Cuando cumplí la media centuria recibí una sorpresa: el regalo, por parte de mis hijas , de una serie de caballitos tequileros tatuados con palíndromos. Los palíndromos fueron elegidos por ellas y rezaban:
Efímero lloré mi fe, Tu mamá mamut, San Gil ama malignas, O rey o joyero. Y había un caballito que tenía grabada una frase que suelo citar con arregosto que bordea el júbilo: “A celebrar el oro de la vida”. Esta frase quiere decir a celebrar lo mejor de la travesía vital. Y hoy la he elegido para definir el recorrido terrestre de Freddy Muñoz Jáquez, un redomado vendedor de burritos que recorre el escaleno etílico (La Terminal, Versalles, La Sevillana) con gran entusiasmo, siempre dador de sonrisas y de buen trato, un hombre que cimentó su gusto por la gastronomía en Estados Unidos (en Illinois) y que luego recaló en nuestro país para llevar, como el caracol, su casa a cuestas, esto es, su canasta de nieve seca donde aloja burritos de misceláneo origen y de especial sazón: de chicharron, de papa, de frijoles, de deshebrada, de tinga y un largo etcétera de tentaciones del paladar, como dijo el poeta de Nayarit.
Freddy, además, presume ese pasaporte líquido como apoda Adolfo Castañón a la salsa en varias vertientes o modalidades:
roja, verde, habanera, troquelada con base en el aguacate. En fin. Freddy Muñoz padeció el rigor de la muerte de su hijo mayor: era su brazo derecho, su compañero de andanzas, su cómplice en el arte de la burrería, su mejor amigo.

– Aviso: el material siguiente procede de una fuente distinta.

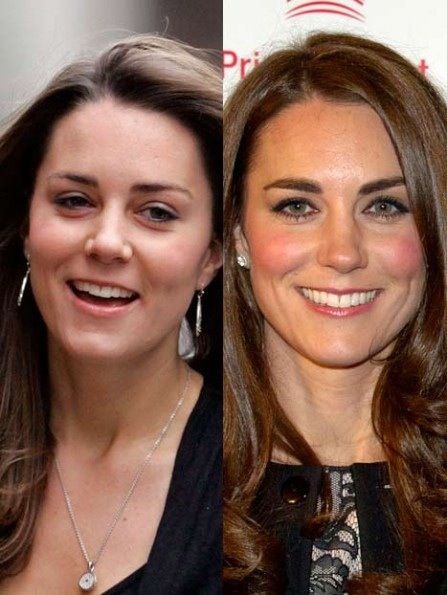 Kate is younger on the left and not quite as polished as she is today, but she is still just as fresh and lovely. Ducesa Kate, Cambridge Diet, Kroonprinses Mary, Princesse Kate Middleton, Looks Kate Middleton, Princesa Real, Kate And Pippa, Principe William, Kate Middleton Outfits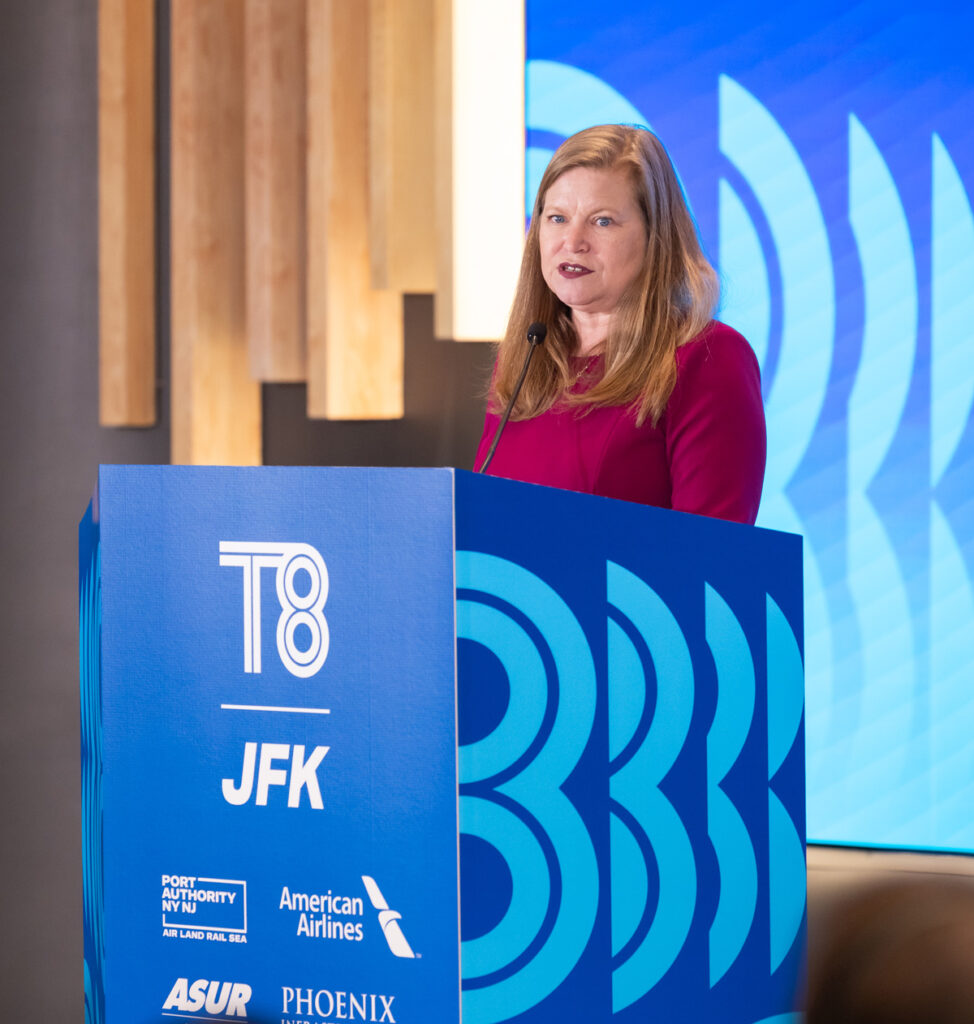 Kathryn Garcia T8 at JFK Ribbon Cutting Metropolitan Airport News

Freddy sigue el camino de la vida con unas agallas y un corazón indoblegables.
Sabe complacer a los comensales y brinda siempre una mano solidaria a los amigos, a sus amigos de esas farmacias del alma, como las motejó el amo de la picaresca, que son nuestros bares. Larga vida a Freddy Muñoz Jáquez, el mejor burrero de la comarca lagunera y de otras múltiples latitudes. ¡Salud!